Adonis opened her mouth—to protest, to beg—but she stopped.

She remembered the pain, the fire, the way her own magic had tried to consume her. She remembered the Emperor’s hand on her forehead, her body finally going still, and the terror in her mother’s eyes.

She nodded, slowly.

“I understand,” she whispered.

Freya exhaled, visibly relieved. “Good. Because starting tomorrow, we begin your training. Day and night. Until that phoenix answers to your will alone.”

Adonis let out a breathless laugh, half-resigned, half-grateful. “Of course you’d throw me back into training the second I wake up.”

Freya smirked. “Be glad I let you rest at all.”


They shared a quiet moment. Then Freya’s expression changed—something unreadable flickering behind her eyes.

“There’s something else,” she said, voice lower now.

Adonis tilted her head. “What is it?”

Freya hesitated, her fingers tightening around her daughter’s hands. “While you were unconscious… I went to see Bellatrix.”

Adonis’s breath hitched. Her eyes searched her mother’s face, the growing silence like a held breath between them.


“She’s with child.”

The words hit her like a wave.

Adonis’s mouth parted, but no sound came. “She’s…?”

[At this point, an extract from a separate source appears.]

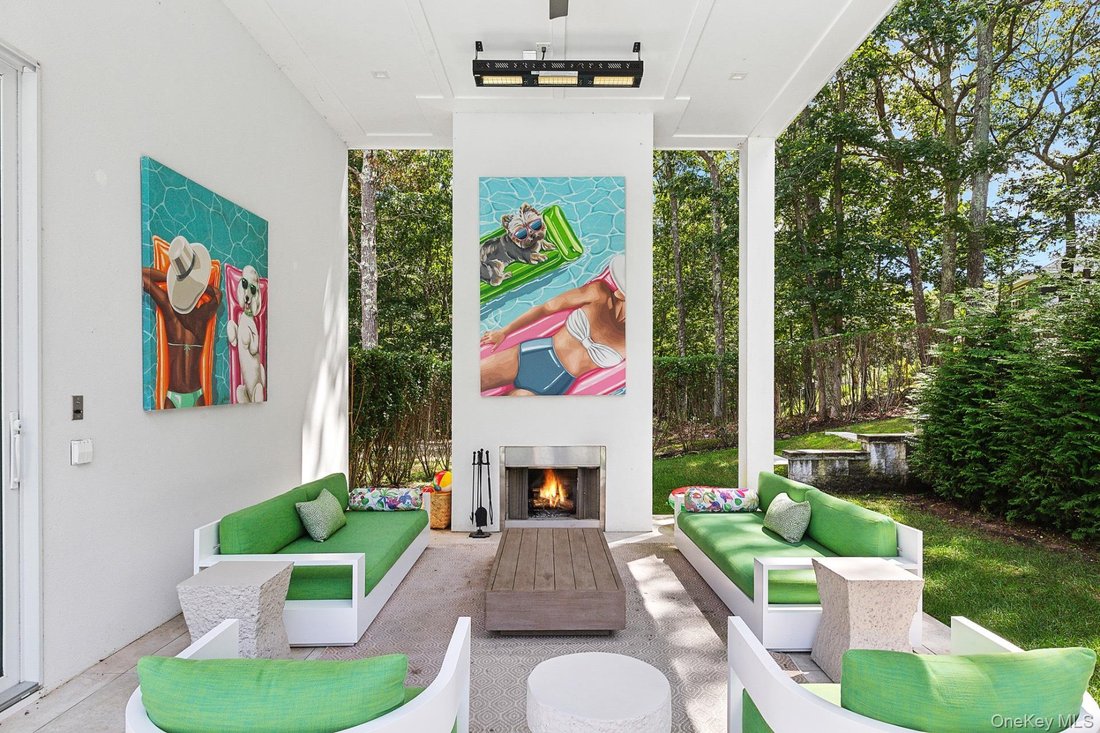 House in Water Mill, New York, United States 5 - 17135031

“She’s with child,” Freya said softly. “Barely noticeable, but the signs are there. And the child is healthy.”

Adonis’s mouth opened again. Her breath hitched.

Pregnant.

Bellatrix. With child.

His child.

“She’s going to be a mother again…” she murmured.

“She already was,” Freya said gently. “Even if the world tried to take that from her.”

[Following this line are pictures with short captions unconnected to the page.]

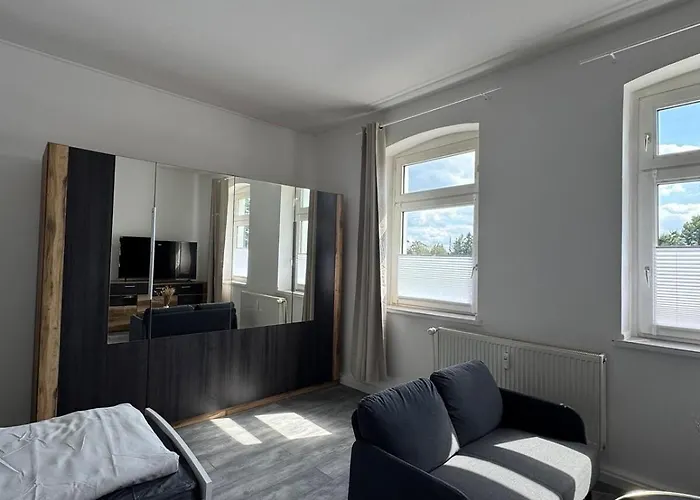 Seibel's - Big In - Family & Group Daire *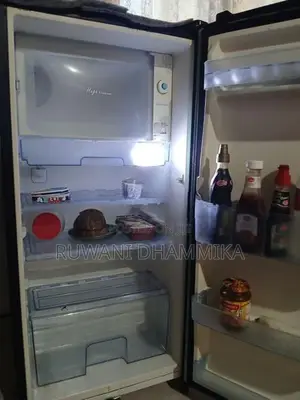 Hisense Single Door Fridge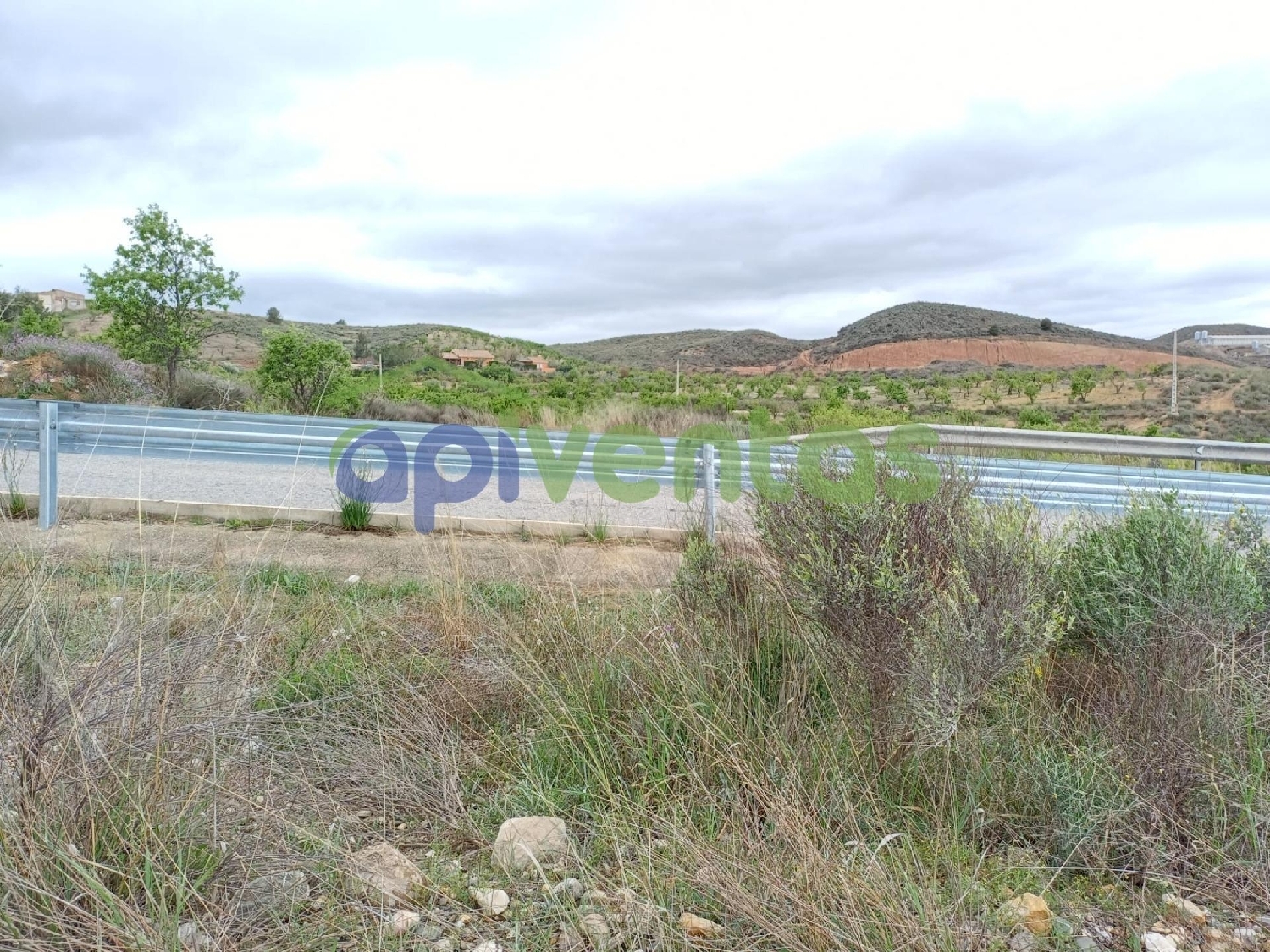  kaufen Landhaus Lorca Alto Guadalentín 8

Adonis didn’t speak. Her eyes brimmed with something fragile—something beyond tears. Gratitude. Ache. A kind of reverent silence that only came when you realized just how much someone else had lost, and how fiercely they still endured.


“I’ve made arrangements,” Freya added after a long pause. “She’ll be taken care of. Somewhere safe, far from all this. Until you’re ready. Ten years, Adonis. That’s how long it may take before your control is absolute.”

Adonis didn’t argue.

She didn’t protest.

She simply nodded, eyes still wet, her voice barely a whisper.

“Then I’ll train. I’ll do whatever it takes.”

Freya cupped her daughter’s face again, brushing her thumbs over her cheeks. “Good.”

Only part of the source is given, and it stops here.